PhD Thesis.Audio effects modeling is the process of emulating an audio effect unit and seeks
to recreate the sound, behaviour and main perceptual features of an analog reference
device. Audio effect units are analog or digital signal processing systems
that transform certain characteristics of the sound source. These transformations
can be linear or nonlinear, time-invariant or time-varying and with short-term and
long-term memory. Most typical audio effect transformations are based on dynamics,
such as compression; tone such as distortion; frequency such as equalization;
and time such as artificial reverberation or modulation based audio effects.
The digital simulation of these audio processors is normally done by designing
mathematical models of these systems. This is often difficult because it seeks to
accurately model all components within the effect unit, which usually contains
mechanical elements together with nonlinear and time-varying analog electronics.
Most existing methods for audio effects modeling are either simplified or optimized
to a very specific circuit or type of audio effect and cannot be efficiently
translated to other types of audio effects.

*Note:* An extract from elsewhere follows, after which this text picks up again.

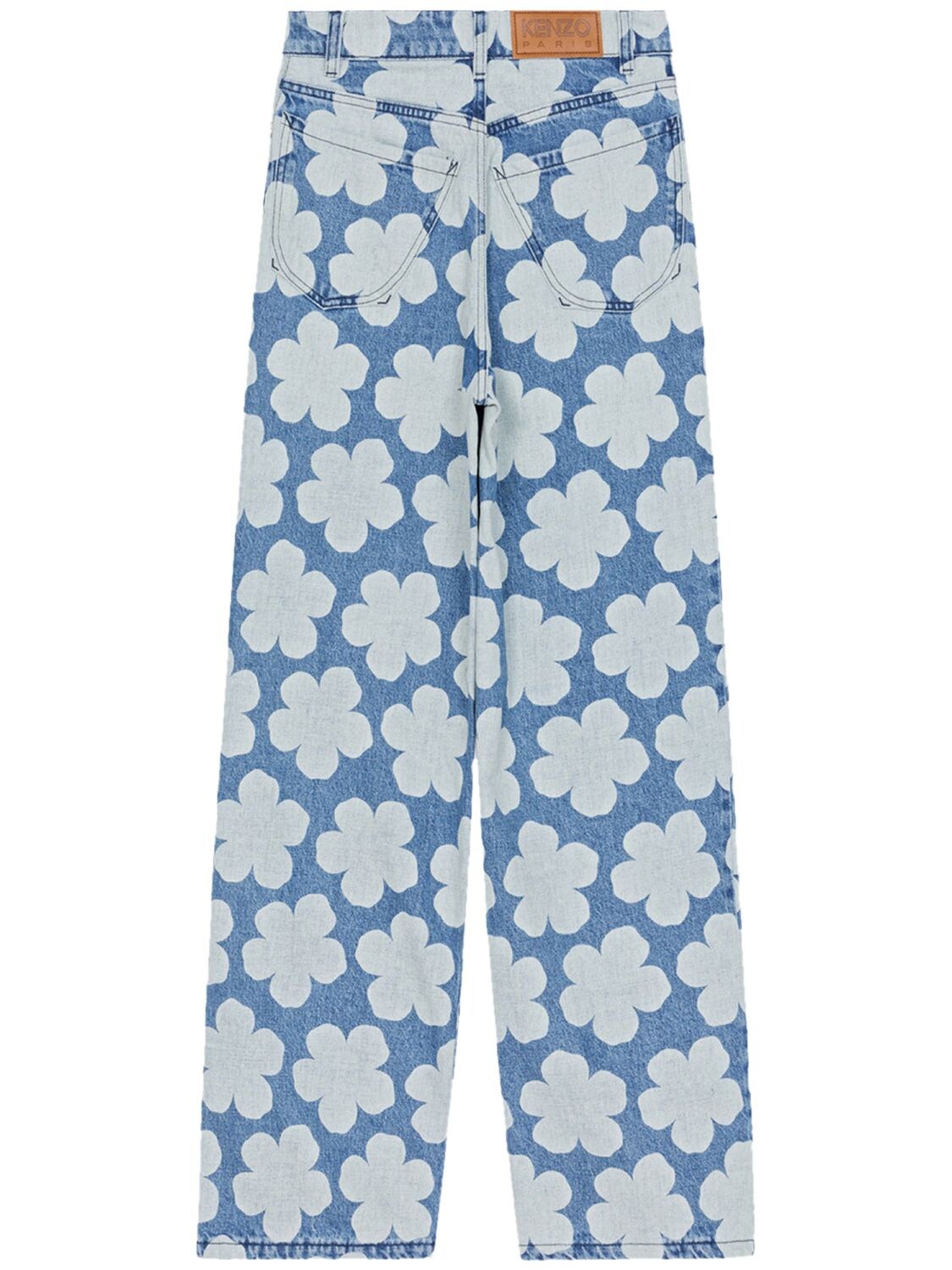 Kenzo Printed Cotton Denim Wide Leg Jeans In Blue | ModeSens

This thesis aims to explore deep learning architectures for music signal processing
in the context of audio effects modeling. We investigate deep neural networks
as black-box modeling strategies to solve this task, i.e. by using only input-output
measurements. We propose different DSP-informed deep learning models to emulate
each type of audio effect transformations.
Through objective perceptual-based metrics and subjective listening tests we
explore the performance of these models when modeling various analog audio effects.
Also, we analyze how the given tasks are accomplished and what the models
are actually learning. We show virtual analog models of nonlinear effects, such as
a tube preamplifier; nonlinear effects with memory, such as a transistor-based limiter;
and electromechanical nonlinear time-varying effects, such as a Leslie speaker
cabinet and plate and spring reverberators.
We report that the proposed deep learning architectures represent an improvement
of the state-of-the-art in black-box modeling of audio effects and the respective
directions of future work are given